Przez co najmniej 400 lat w tym miejscu znajdował się zamek książąt świdnickich, a po jego wyburzeniu powstał obecny zespół klasztorny. Od 35 lat obiekt pozostaje własnością świdnickiego zboru Kościoła Zielonoświątkowego w RP. Jest własnością kosztowną w utrzymaniu, dlatego przed rokiem zabytkowy kompleks został wystawiony na sprzedaż. Do tej pory zainteresowanie obiektem było jednak niewielkie.
– Pomysł sprzedaży narodził się już w 2014 roku, by poszukać miejsca bardziej nowoczesnego, ponieważ zabytkowy charakter obecnego budynku oraz jego gabaryty na naszą małą społeczność są dla nas zbyt duże, a utrzymanie staje się coraz większym wyzwaniem – tłumaczył przed rokiem Dariusz Suszek, pastor świdnickiego zboru Kościoła Zielonoświątkowego, podkreślając, że małej – liczącej około 100 osób – społeczności nie stać dłużej na utrzymanie tak dużego obiektu.

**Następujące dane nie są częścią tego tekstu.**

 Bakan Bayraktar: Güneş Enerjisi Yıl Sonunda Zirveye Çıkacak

– Koszty utrzymania, ogrzania są coraz wyższe, a i wymagania konserwatorskie są znacznie ostrzejsze niż wtedy, gdy przejmowaliśmy obiekt. Musimy mieć zgodę na każdy najmniejszy detal, nawet na ogród, którego – gdy przejmowaliśmy to miejsce – nie było, a teraz nagle jest traktowany jako miejsce o walorach zabytku – wskazywał Suszek. – Misją Kościoła nie jest tylko ładowanie pieniędzy w budynki, ale głoszenie Ewangelii, propagowanie wartości chrześcijańskich. Po to jest Kościół, by tworzyć miejsce duchowego odpoczynku, a teraz 3/4 naszego czasu zajmują mury, a kiedy przychodzą zimowe rachunki za prąd, za ogrzewanie, to wołamy do Boga, żeby nas zaopatrzył – podkreślał pastor.

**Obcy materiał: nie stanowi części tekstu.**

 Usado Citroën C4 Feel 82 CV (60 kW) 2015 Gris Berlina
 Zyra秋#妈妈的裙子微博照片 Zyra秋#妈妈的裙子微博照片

Kompleks położony między ulicami Zamkową a Muzealną wystawiono na sprzedaż w 2024 roku, a cenę ofertową ustalono na poziomie 6,5 mln złotych. Zainteresowanie ofertą dotychczas było jednak niewielkie. – Do tej pory dwie osoby przyjechały obejrzeć nieruchomość, ale nie było to nic wiążącego. Wokoło są parkingi i ogród z pozostałościami świdnickich murów obronnych, wiem też, że były pomysły na stworzenie tutaj domu opieki. Tylko to czwarte skrzydło, związane z kultem religijnym, jest problematyczne. Liczymy jednak, że znajdzie się inwestor z wizją i pomysłem na to miejsce. Obiekt znajduje się w centrum miasta, jest dobrze skomunikowany i na pewno ma swoje plusy. Gdyby to był Wrocław, ten budynek zostałby już dwa razy kupiony i tyle samo razy sprzedany – mówi pastor Suszek w rozmowie z branżowym portalem Nieruchomosci-online.pl.

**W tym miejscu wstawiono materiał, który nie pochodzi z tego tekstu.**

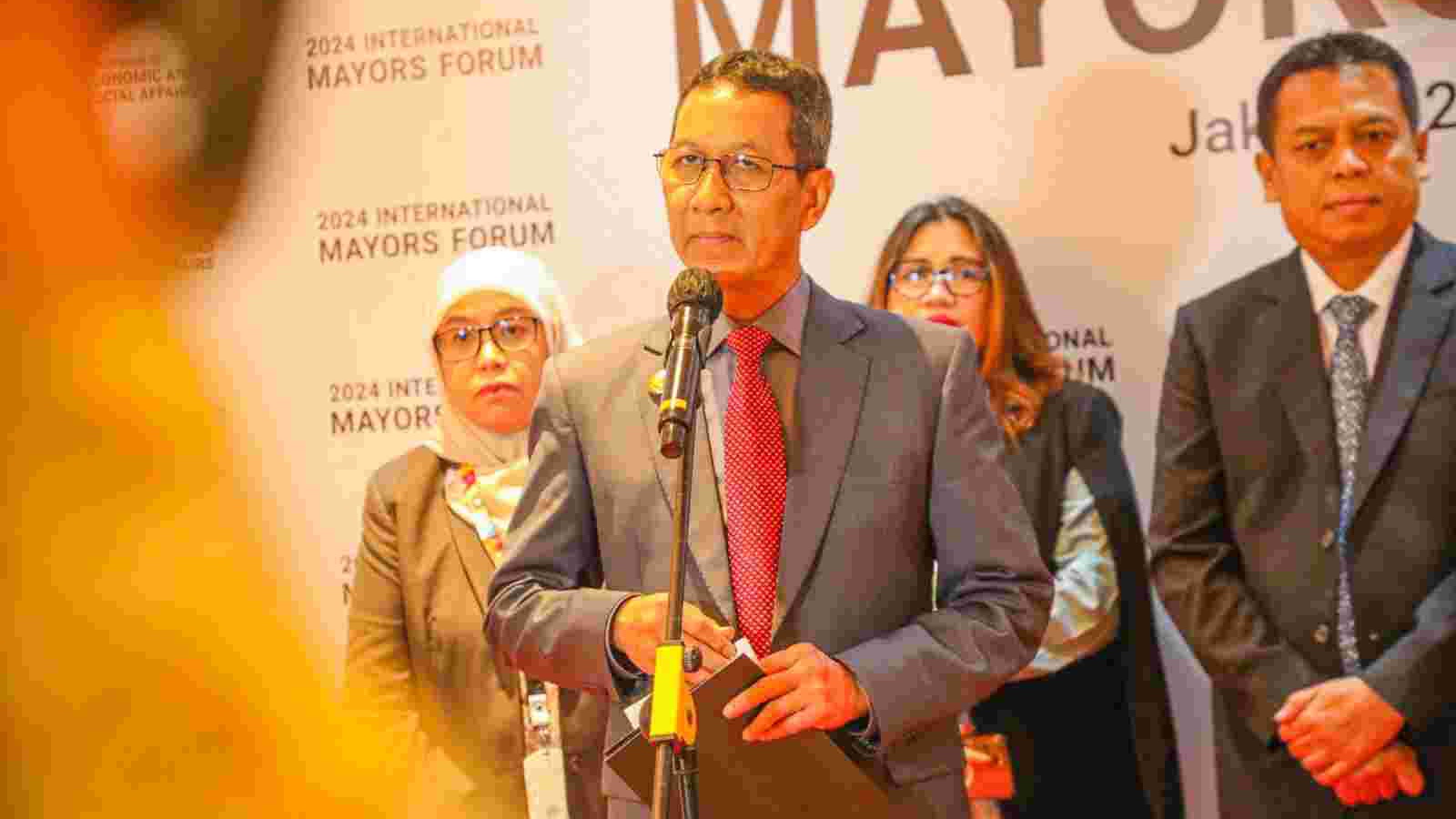 Pj Heru Dorong 70 Persen Transportasi Umum People Near Transit di Jakarta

Cały obiekt przy ulicy Muzealnej 1 składa się z czterech skrzydeł z bazą noclegową na 30 miejsc, dwoma mieszkaniami i biurami oraz kościołem o powierzchni 450 m². – Pierwsza wzmianka o obiekcie pochodzi z 1293 roku, który był zamkiem książęcym. Historia klasztoru rozpoczyna się w 1676 roku, kiedy to dotychczasowy właściciel zamku Otto von Nostiz przekazał go zakonnikom. Ci wyburzyli zamek, a na jego miejscu w 1680 roku zbudowali obecny klasztor. (…) Do dnia dzisiejszego przy ul. Muzealnej 1 zachował się piękny renesansowy portal z datą 1537 r. Pochodzi on z okresu odbudowy zamku przez dr. Franza Grimma, kanclerza Księstwa Świdnicko-Jaworskiego, po pożarze w 1528 r. W roku 1818 na miejsce kościoła klasztornego utworzono Kościół Garnizonowy. Po 1945 roku popadł w ruinę, a pod koniec XX wieku podupadły klasztor zakupił Kościół Zielonoświątkowy, który odbudował obiekt i doprowadził go do obecnego stanu, przywracając mu pierwotny wygląd – opisano w ogłoszeniu dotyczącym sprzedaży obiektu.